His treatment was confined to Prof. Wreden. He had the impression that that they had feared before then to resort to an orthopaedic treatment, as they were waiting for a cure by other means whose nature escaped him. The doctors, before Wreden, who had cared for the Tsarevich had not dared to tell the Emperor the truth.
The Professor began to come every day and he decided that it was not possible to correct the problem with his leg without such a necessary treatment, so he set out to win the confidence and affection of the child. A very happy man, a remarkable story-teller, the Professor succeeded by playing checkers with him and talking about this or that with him. The child ended up by really having an affection for him, and after about fifteen days his confidence in him was so great that he allowed him, without difficulty or resistance, to correct his leg problem.

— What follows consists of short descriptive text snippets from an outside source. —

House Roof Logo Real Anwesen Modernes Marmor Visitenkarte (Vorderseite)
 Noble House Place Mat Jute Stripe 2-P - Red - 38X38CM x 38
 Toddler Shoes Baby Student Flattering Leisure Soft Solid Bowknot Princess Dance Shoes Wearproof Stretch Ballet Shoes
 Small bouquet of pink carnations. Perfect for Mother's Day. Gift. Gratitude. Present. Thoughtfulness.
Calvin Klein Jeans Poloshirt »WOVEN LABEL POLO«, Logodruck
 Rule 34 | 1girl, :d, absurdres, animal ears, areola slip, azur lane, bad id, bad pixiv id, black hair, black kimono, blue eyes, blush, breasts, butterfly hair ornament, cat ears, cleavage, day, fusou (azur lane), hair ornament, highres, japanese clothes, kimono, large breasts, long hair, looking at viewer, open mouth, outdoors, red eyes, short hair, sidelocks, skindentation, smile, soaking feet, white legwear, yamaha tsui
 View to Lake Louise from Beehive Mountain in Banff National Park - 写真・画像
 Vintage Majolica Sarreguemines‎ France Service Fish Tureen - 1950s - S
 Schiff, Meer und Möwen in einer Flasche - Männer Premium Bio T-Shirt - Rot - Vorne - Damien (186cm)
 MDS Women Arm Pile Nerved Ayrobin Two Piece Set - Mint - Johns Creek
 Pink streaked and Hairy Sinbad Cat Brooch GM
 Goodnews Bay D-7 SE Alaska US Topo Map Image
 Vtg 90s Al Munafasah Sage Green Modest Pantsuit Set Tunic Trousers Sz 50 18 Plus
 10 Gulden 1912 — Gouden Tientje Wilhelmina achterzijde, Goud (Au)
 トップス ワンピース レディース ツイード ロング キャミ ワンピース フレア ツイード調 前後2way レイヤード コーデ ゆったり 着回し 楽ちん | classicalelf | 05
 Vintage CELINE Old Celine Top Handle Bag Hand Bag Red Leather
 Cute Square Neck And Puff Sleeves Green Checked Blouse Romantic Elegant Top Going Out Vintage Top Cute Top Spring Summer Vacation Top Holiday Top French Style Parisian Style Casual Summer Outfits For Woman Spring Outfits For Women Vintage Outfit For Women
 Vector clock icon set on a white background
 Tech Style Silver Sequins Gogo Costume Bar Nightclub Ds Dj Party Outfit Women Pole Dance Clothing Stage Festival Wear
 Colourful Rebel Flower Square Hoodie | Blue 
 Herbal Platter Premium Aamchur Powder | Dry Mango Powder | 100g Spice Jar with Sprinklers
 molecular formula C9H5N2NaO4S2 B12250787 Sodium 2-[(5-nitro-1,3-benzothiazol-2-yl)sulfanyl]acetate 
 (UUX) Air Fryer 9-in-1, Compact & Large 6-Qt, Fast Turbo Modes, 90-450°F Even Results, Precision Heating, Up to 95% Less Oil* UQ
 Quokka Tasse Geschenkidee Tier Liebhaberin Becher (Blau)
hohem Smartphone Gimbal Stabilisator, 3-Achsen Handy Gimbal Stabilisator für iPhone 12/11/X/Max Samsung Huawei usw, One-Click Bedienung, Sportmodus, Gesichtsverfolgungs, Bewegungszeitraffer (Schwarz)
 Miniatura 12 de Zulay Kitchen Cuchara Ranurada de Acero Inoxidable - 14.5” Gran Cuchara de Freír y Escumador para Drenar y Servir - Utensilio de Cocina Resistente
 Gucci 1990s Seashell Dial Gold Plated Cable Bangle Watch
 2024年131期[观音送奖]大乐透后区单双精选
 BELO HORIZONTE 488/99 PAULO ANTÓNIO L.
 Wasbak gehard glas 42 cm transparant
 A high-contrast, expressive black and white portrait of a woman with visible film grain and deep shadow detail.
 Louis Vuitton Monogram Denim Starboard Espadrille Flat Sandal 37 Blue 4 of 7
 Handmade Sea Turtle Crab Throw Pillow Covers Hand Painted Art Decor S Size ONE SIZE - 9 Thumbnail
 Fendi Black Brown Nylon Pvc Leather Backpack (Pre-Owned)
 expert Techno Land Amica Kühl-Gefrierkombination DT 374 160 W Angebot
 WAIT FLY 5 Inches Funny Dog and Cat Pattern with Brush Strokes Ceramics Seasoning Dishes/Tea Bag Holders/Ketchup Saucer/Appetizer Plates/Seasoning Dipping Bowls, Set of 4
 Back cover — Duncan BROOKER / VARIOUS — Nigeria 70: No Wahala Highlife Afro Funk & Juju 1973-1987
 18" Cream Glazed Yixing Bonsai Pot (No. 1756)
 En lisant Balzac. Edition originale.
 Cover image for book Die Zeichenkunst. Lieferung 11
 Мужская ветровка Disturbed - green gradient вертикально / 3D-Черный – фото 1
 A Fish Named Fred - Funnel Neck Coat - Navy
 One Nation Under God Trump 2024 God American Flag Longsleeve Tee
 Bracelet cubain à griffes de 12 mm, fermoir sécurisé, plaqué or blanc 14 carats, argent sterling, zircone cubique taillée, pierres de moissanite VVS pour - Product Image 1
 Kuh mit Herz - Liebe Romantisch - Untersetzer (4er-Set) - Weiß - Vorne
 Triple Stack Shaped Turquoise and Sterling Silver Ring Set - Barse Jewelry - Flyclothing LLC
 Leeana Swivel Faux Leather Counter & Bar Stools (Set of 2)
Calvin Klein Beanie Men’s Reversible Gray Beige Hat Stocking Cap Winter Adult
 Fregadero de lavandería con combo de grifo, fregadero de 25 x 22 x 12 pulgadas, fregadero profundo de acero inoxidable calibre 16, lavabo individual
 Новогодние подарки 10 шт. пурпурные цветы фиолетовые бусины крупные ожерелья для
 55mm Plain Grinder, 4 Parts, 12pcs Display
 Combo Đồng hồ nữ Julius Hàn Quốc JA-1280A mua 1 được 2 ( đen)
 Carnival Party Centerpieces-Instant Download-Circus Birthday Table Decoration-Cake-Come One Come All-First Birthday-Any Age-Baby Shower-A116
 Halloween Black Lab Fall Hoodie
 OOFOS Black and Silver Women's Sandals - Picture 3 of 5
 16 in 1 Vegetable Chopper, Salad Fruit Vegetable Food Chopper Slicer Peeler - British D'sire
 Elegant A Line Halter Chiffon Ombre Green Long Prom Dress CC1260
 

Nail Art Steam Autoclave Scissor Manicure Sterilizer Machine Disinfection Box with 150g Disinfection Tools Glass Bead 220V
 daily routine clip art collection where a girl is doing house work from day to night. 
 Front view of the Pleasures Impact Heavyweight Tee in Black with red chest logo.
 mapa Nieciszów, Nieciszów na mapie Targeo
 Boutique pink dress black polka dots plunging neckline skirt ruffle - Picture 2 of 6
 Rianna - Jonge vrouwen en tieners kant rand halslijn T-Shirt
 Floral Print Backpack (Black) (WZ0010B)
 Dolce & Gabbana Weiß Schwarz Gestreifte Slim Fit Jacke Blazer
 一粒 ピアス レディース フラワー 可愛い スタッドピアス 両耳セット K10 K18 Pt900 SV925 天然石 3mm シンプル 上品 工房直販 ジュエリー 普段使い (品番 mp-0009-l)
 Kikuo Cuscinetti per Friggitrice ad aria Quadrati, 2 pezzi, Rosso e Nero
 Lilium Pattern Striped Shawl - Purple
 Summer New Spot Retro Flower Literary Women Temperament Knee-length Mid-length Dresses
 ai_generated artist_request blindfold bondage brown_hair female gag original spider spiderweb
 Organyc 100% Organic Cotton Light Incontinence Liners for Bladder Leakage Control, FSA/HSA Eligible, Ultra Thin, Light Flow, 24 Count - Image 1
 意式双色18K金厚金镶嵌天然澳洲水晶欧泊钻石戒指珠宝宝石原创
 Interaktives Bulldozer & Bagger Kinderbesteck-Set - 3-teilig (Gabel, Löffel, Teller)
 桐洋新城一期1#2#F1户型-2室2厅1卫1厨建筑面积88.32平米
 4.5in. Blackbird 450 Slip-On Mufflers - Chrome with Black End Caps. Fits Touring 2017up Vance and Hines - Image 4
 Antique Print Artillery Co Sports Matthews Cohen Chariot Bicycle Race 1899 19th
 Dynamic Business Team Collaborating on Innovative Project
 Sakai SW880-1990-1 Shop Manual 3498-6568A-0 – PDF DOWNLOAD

Wreden found it necessary to put the leg into a corrective device. Wearing the device was unpleasant for the Tsarevich and the Empress protested against them using it. However Wreden was firm and unmovable, and said that they could not expose the child to the risk of remaining lame, and he said that above all, as the child was going to become the Emperor of Russia, and as his doctor he was completely accountable for the responsibility he had assumed in that regard, he absolutely insisted on the use of the device he had prescribed.
Wreden without a doubt spoke with a brutal frankness that displeased her.
One day when he was presented at the Palace, he was received by the Emperor, who thanked him for the services he had rendered, named him as an honorary Court Physician, and then dispensed with any further visits by him. From then on, until right up to the war, Wreden was never called a single time to the Tsarevich.
However the device prescribed by Wreden was itself applied, and it was part of the treatment plan, and it was Dr. Dyeryevenko who was charged to make sure of and oversee its use.